Paylan concluded that, following Erdoğan’s post-coup crackdown and power consolidation, “in Turkey, it’s over. We have no checks and balances.” He compared the situation to that which came after the 1933 Reichstag fire [16] in a nascent Nazi Germany. Meanwhile, United States National War College Professor Ömer Taşpınar [17] noted that a “very strong neo-nationalist ideology [with] Eurasian elements” currently dominates the Turkish military. Many current officers “did not attend much training in NATO countries; in the United States. There is definitely a kind of anti-American, anti-Western streak in the new ethos within the core of the military.”

Taşpınar said that Turkey’s political development has foiled past American plans “to project Turkey as moderate Islam” in opposition to stricter Islamic countries like Saudi Arabia.
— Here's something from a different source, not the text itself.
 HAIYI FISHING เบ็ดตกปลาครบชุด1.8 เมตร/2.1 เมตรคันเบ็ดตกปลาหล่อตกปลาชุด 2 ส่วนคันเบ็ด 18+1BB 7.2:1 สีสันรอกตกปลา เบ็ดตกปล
Although he said that the “Turks are the good Muslims against the Wahhabis – the bad guys,” Karim Sadjadpour [18] from the Carnegie Endowment for International Peace explained how this vision had failed. “Over the last decade, there was a hope that Iran might emulate Turkey’s democracy, and increasingly what is happening is Turkey is emulating Iran’s theocracy,” he said.
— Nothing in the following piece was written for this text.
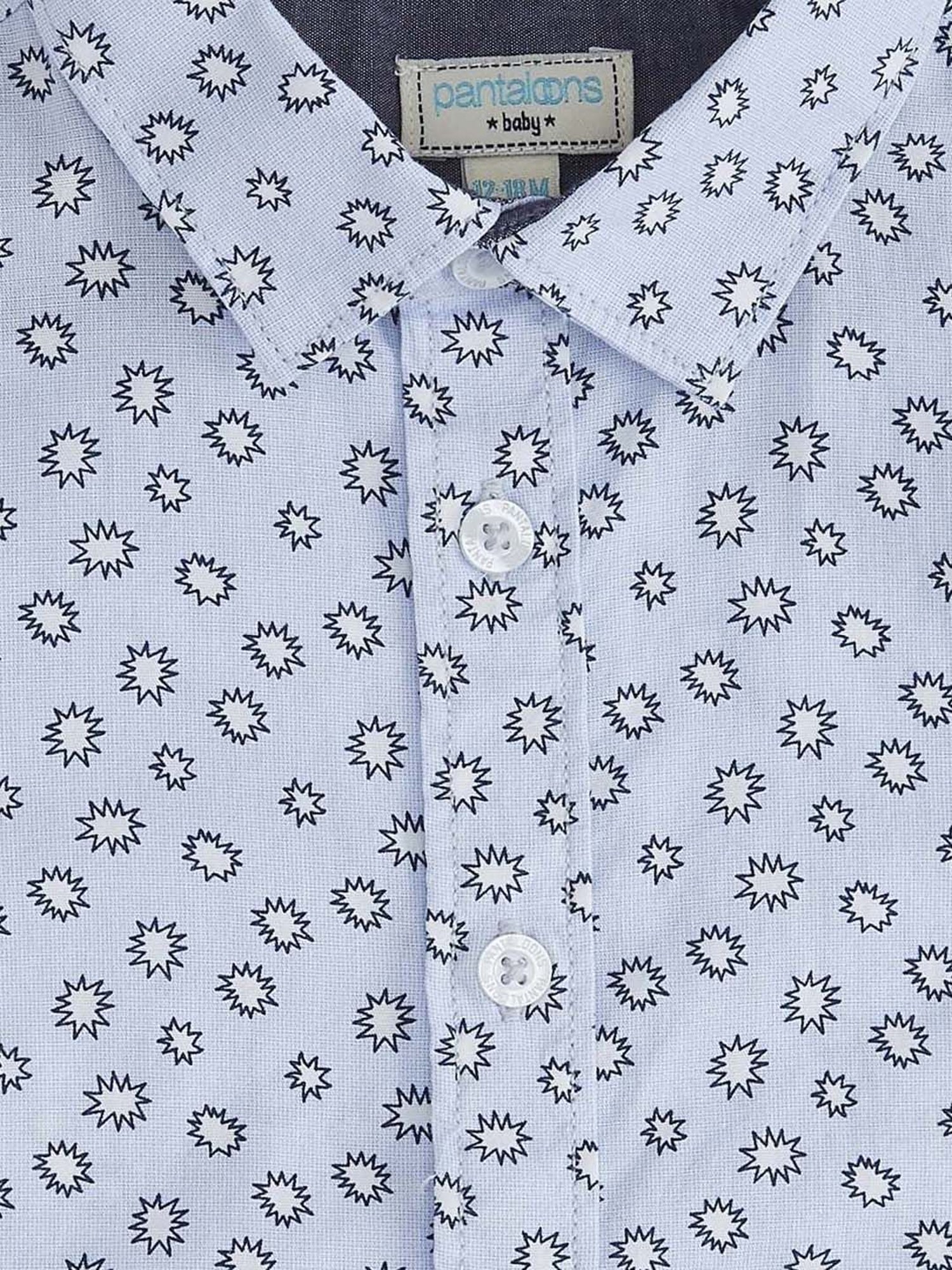 Pantaloons Baby White Cotton Printed Shirt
Accordingly, Michael Meier [19] – the United States-Canada representative of German Social Democratic Party’s Friedrich Ebert Stiftung, a conference cohost – said that “we have a huge challenge ahead,” which was perhaps a tremendous understatement. Meier focused especially on the wish of his party colleague, SPD foreign affairs spokesman and German parliamentarian Niels Annen [20], “to accompany a democratic Turkey along the path to membership of the European Union. It is in the genuine interest of the Europe, the United States and Turkey to arrive at a close, value-based relationship,” he said, particularly given the “crucial geostrategic importance of Turkey in a troubled and difficult region.”
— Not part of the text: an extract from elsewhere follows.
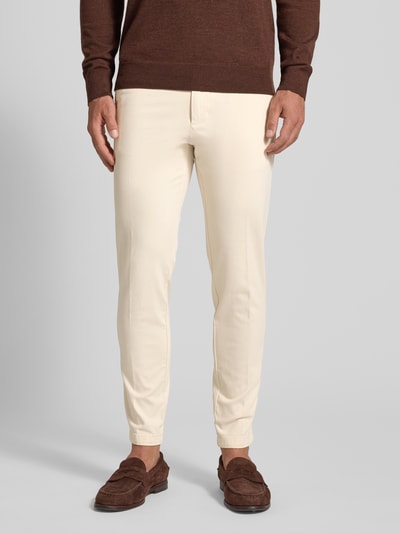 BOSS Slim Fit Hose aus elastischem Baumwoll-Mix Modell 'KAITON1' Offwhite 4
Meier emphasized the long-term domestic desirability in Germany of Turkish EU membership, because with “more than 3 million people of Turkish origin living in Germany, every event in Turkey has domestic policy repercussions in Germany.” Annan said, concerning his Hamburg district, that “conflicts between President Erdoğan and his opponents are also fought out in my constituency. Ninety-nine percent of those conflicts are resolved peacefully – discussions, demonstrations – but there also has been violence.”

As with Turkey and Europe, the “integration of Turkish-Germans into the society is not a real success story in all aspects,” Annan said, commenting on something that is disturbingly documented [21]. Turkish-descent members of Germany’s parliament, the Bundestag, required police protection [22] against violent threats after supporting the Bundestag resolution [23] condemning the Ottoman Empire’s 1915 Armenian genocide. Meanwhile, Turkey’s reprisals prevented Bundestag members from visiting [24] German military personnel stationed in Turkey.

AKP Turkish parliamentarian Volkan Bozkır [25], former Turkish Minister of EU Affairs, only highlighted Turkey’s hollowness as a once globally touted Muslim democracy and EU candidate [26]. While he emphasized Turkey’s EU application efforts [27], Bozkır’s past bizarre theories [28] concerning Vatican condemnation of the Armenian genocide do not comport with the open-mindedness expected of a citizen in a democratic community.

“We would like to promote democracy in the Middle East, we would like to see liberal actors come to power, and that is a distant dream at the moment,” Sadjadpour concluded.